Entries supplied ->
↓

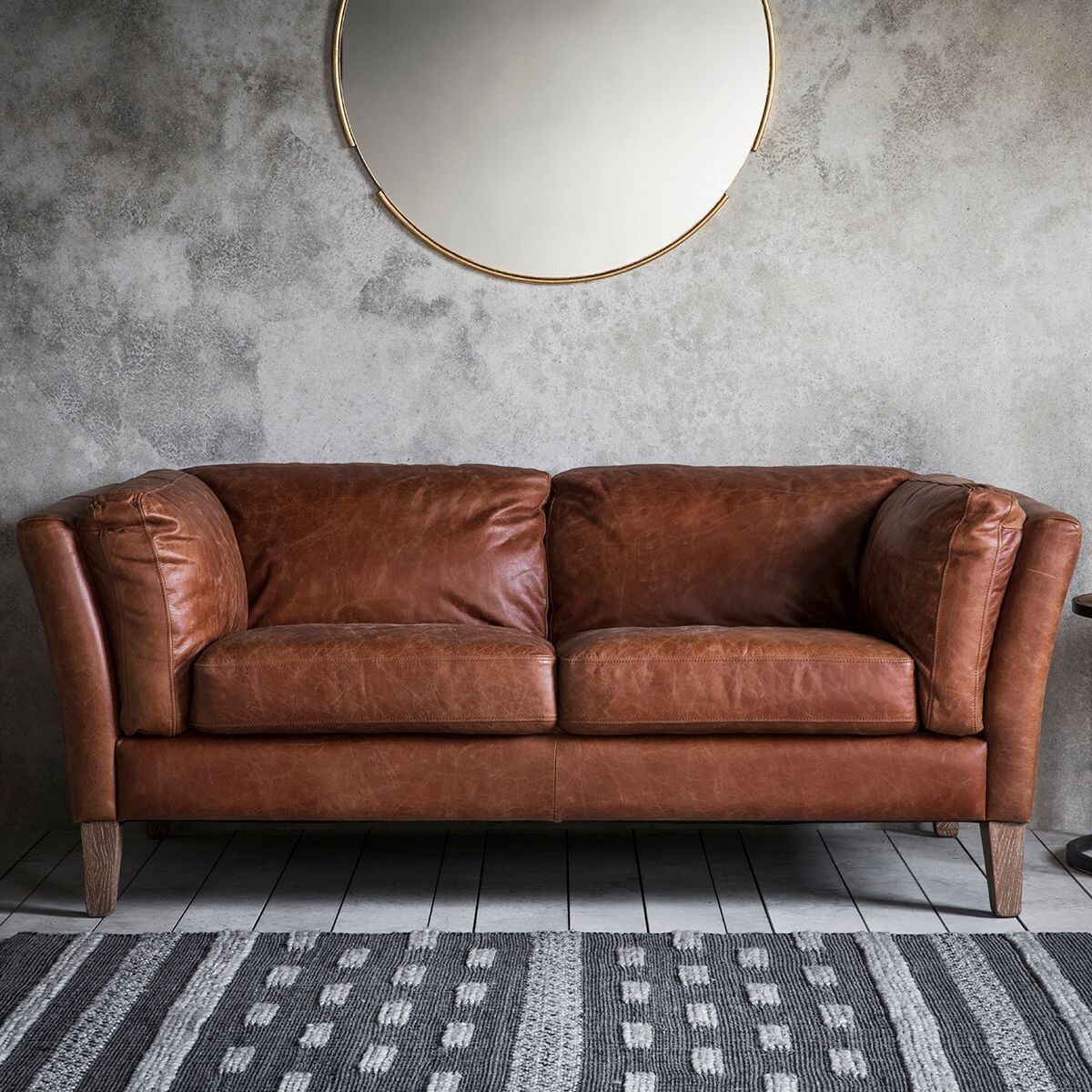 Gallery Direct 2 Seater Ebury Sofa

↑
↓

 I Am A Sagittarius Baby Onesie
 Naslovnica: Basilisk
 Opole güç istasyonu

↑
↓

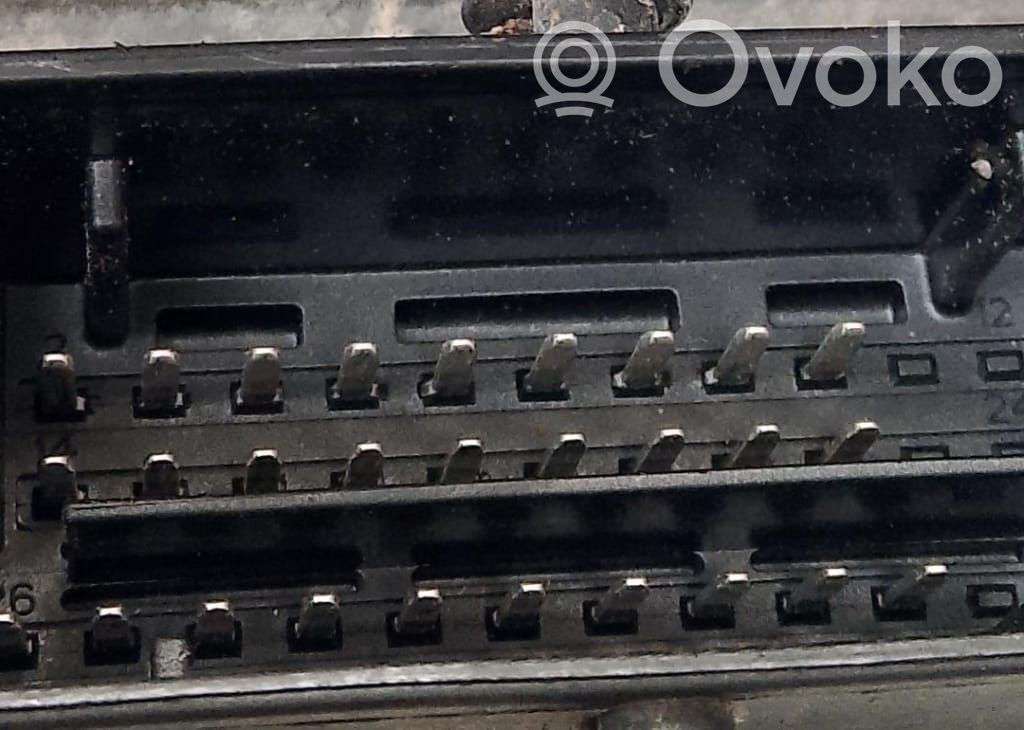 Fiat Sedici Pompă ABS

↑

Copy the entries above exactly, but only from the line holding "I Am A Sagittarius Baby Onesie" through the line holding "Opole güç istasyonu", both included.

 I Am A Sagittarius Baby Onesie
 Naslovnica: Basilisk
 Opole güç istasyonu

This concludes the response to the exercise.